Note 2: blas-atlas-3.8.0, 3.8.1 and 3.8.2 had emerged fine on this machine, taking ~3.5 hours to compile.
Note 3: blas-atlas-3.9.1 had emerged correctly on a different machine (~amd64, Q6600).

# emerge --info
Portage 2.2_rc5 (default/linux/x86/2008.0/desktop, gcc-4.3.1, glibc-2.8_p20080602-r0, 2.6.25-gentoo-r6 i686)

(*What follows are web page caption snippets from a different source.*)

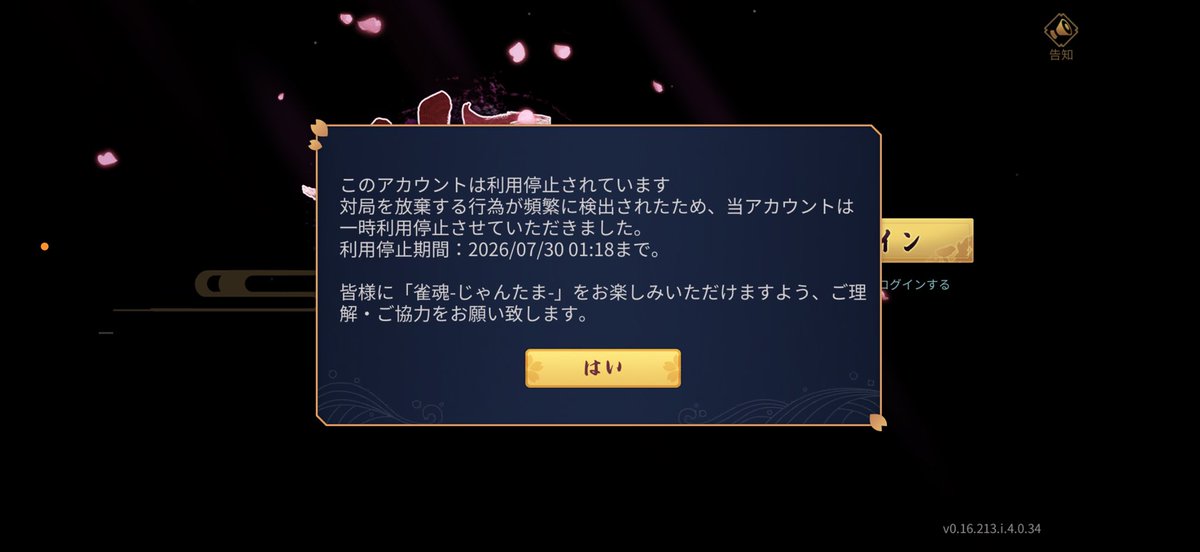 pxyvp's tweet photo. ちんこすぎ https://t.co/eDQEAQqjRS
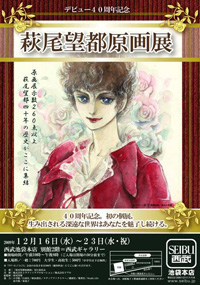 萩尾望都原画展：萩尾望都作品目録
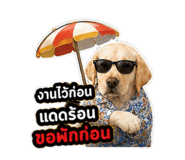 840779242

=================================================================
System uname: Linux-2.6.25-gentoo-r6-i686-Intel-R-_Pentium-R-_M_processor_1.60GHz-with-glibc2.0
Timestamp of tree: Thu, 31 Jul 2008 04:30:01 +0000
distcc 2.18.3 i686-pc-linux-gnu (protocols 1 and 2) (default port 3632) [disabled]

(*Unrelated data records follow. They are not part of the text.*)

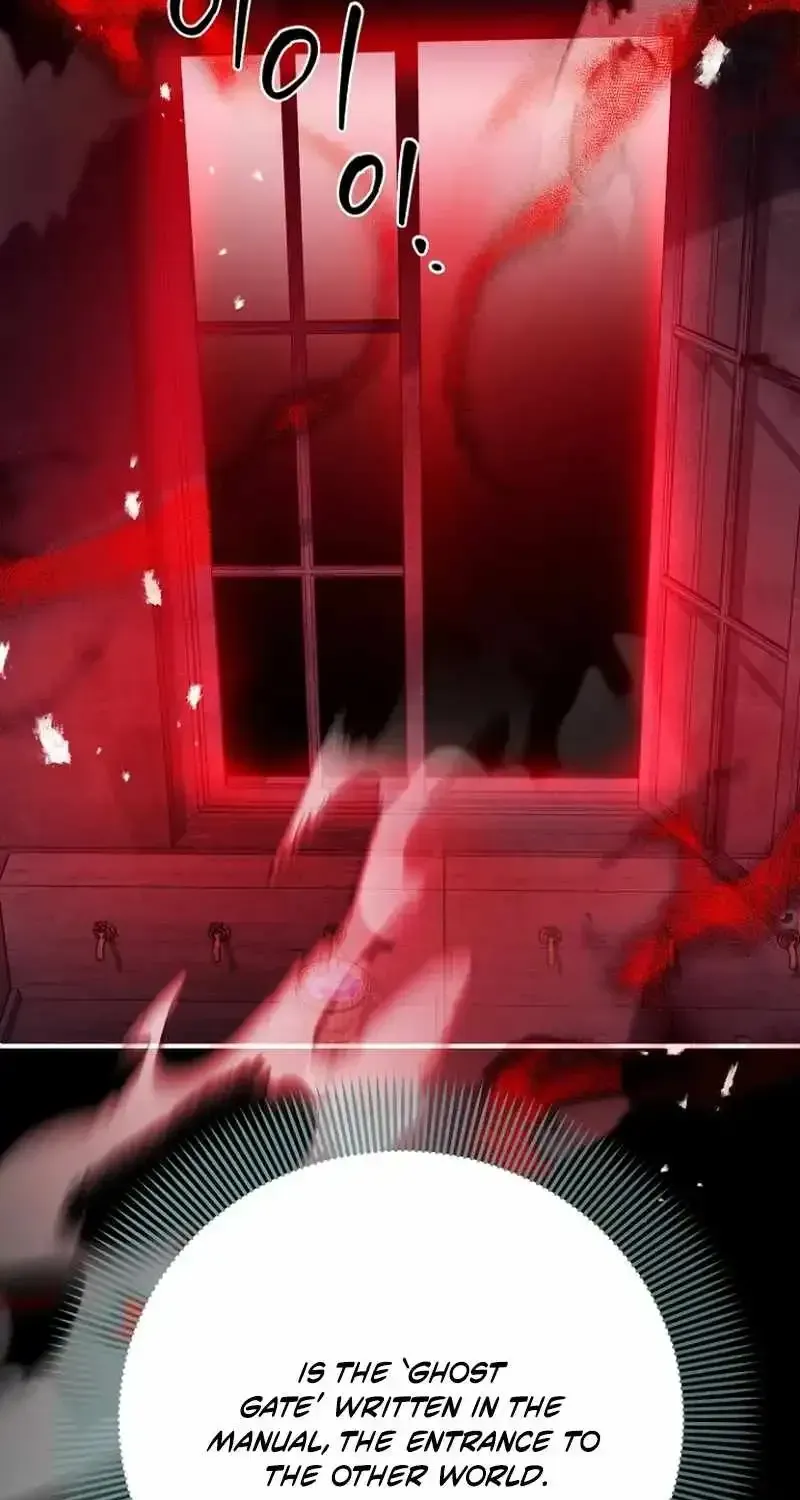 Read Surviving the Haunted School chapter 54 image 77 on Lezhin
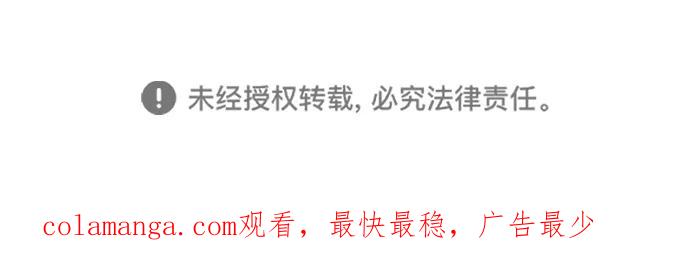 成为塔防游戏里的暴君 第66话 第98页
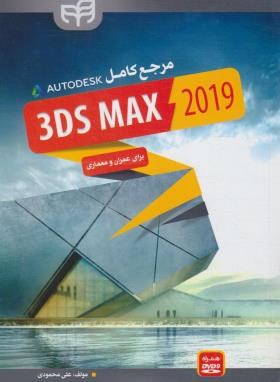 مرجع کامل DVD+3DS MAX 2019 برای عمران و معماری (محمودی/کیان رایانه)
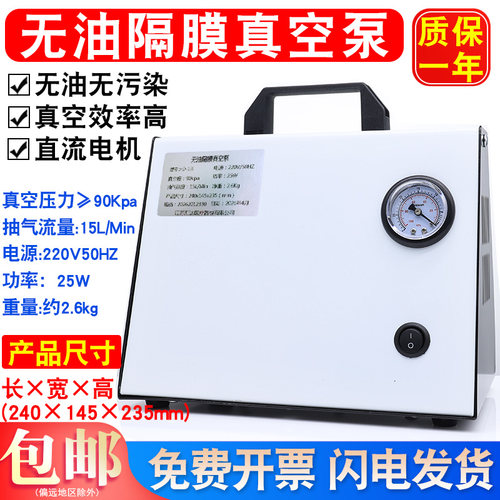 包邮无油隔膜真空泵15L/20L/42L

ccache version 2.4 [enabled]
app-shells/bash:     3.2_p39
dev-java/java-config: 1.3.7, 2.1.6-r1
dev-lang/python:     2.4.4-r13, 2.5.2-r5
dev-python/pycrypto: 2.0.1-r6
dev-util/ccache:     2.4-r7
dev-util/confcache:  0.4.2-r1
sys-apps/baselayout: 2.0.0
sys-apps/openrc:     0.2.5
sys-apps/sandbox:    1.2.18.1-r3
sys-devel/autoconf:  2.13, 2.62-r1
sys-devel/automake:  1.4_p6, 1.5, 1.6.3, 1.7.9-r1, 1.8.5-r3, 1.9.6-r2, 1.10.1-r1
sys-devel/binutils:  2.16.1-r3, 2.17-r2, 2.18-r3
sys-devel/gcc-config: 1.4.0-r4
sys-devel/libtool:   2.2.4
virtual/os-headers:  2.6.25-r4
ACCEPT_KEYWORDS="x86 ~x86"
CBUILD="i686-pc-linux-gnu"
CFLAGS="-march=pentium-m -O2 -pipe -frename-registers"
CHOST="i686-pc-linux-gnu"
CONFIG_PROTECT="/etc /usr/NX/etc /usr/NX/home /usr/kde/3.5/env /usr/kde/3.5/share/config /usr/kde/3.5/shutdown /usr/share/config /var/lib/hsqldb"

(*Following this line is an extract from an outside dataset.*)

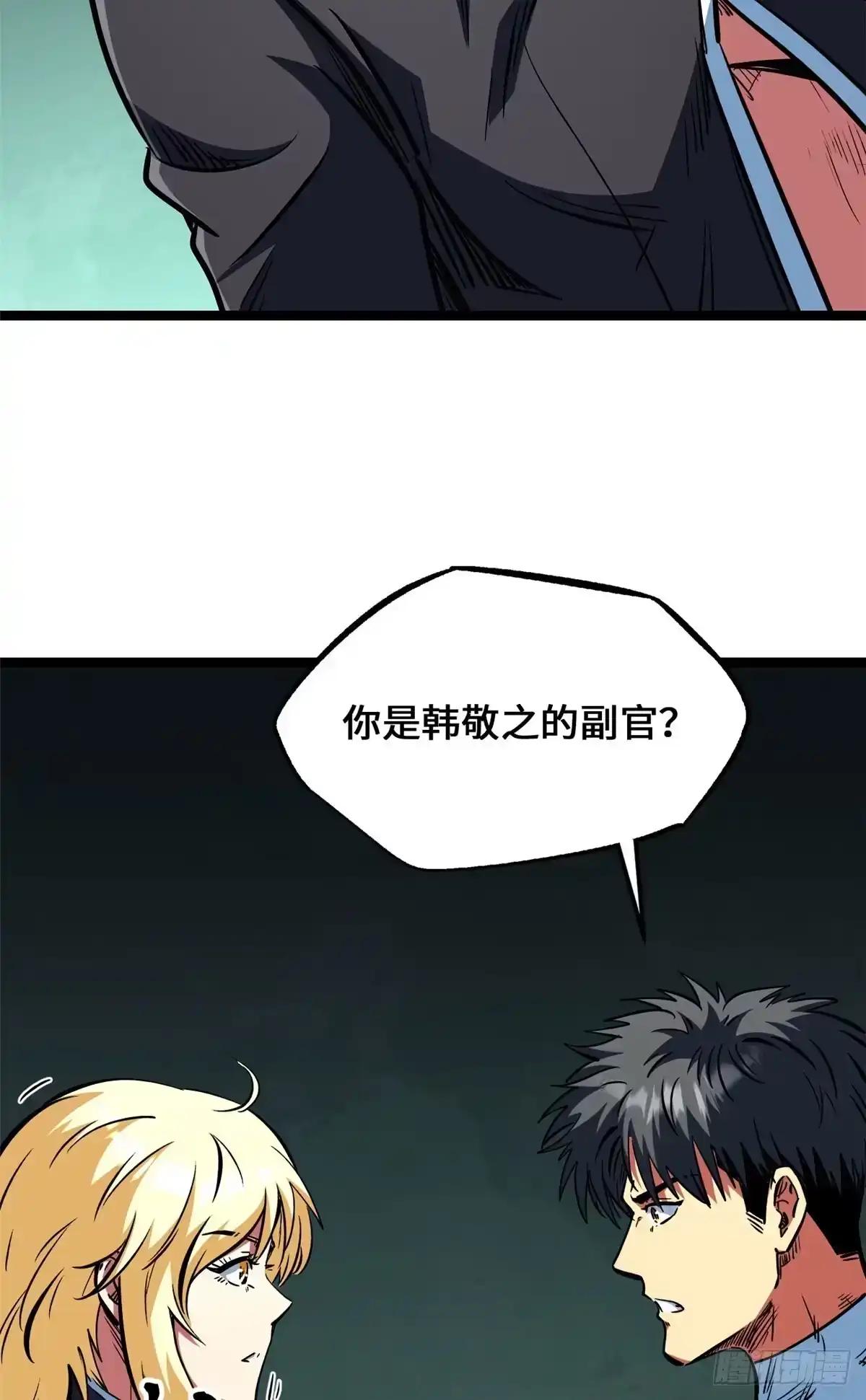 453 渎神之人 第33页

CONFIG_PROTECT_MASK="/etc/ca-certificates.conf /etc/env.d /etc/env.d/java/ /etc/eselect/postgresql /etc/fonts/fonts.conf /etc/gconf /etc/gentoo-release /etc/php/apache2-php5/ext-active/ /etc/php/cgi-php5/ext-active/ /etc/php/cli-php5/ext-active/ /etc/revdep-rebuild /etc/terminfo /etc/texmf/web2c /etc/udev/rules.d"
CXXFLAGS="-march=pentium-m -O2 -pipe -frename-registers"
DISTDIR="/usr/portage/distfiles"
FEATURES="ccache distlocks parallel-fetch preserve-libs sandbox sfperms strict unmerge-orphans userfetch userpriv"
GENTOO_MIRRORS="http://distfiles.gentoo.org http://www.ibiblio.org/pub/Linux/distributions/gentoo"
LANG="en_US.utf8"
LDFLAGS="-Wl,--as-needed -Wl,-O1"
LINGUAS="C en POSIX ru"
MAKEOPTS="-j2"
PKGDIR="/usr/portage/packages"
PORTAGE_RSYNC_OPTS="--recursive --links --safe-links --perms --times --compress --force --whole-file --delete --stats --timeout=180 --exclude=/distfiles --exclude=/local --exclude=/packages"
PORTAGE_TMPDIR="/var/tmp"
PORTDIR="/usr/portage"
Comment 1 Alexandre Rostovtsev (RETIRED) gentoo-dev 2008-08-01 15:48:39 UTC
Created attachment 161918 [details]
Small piece of the build log

A small piece of the 500MB build log, showing the infinite loop.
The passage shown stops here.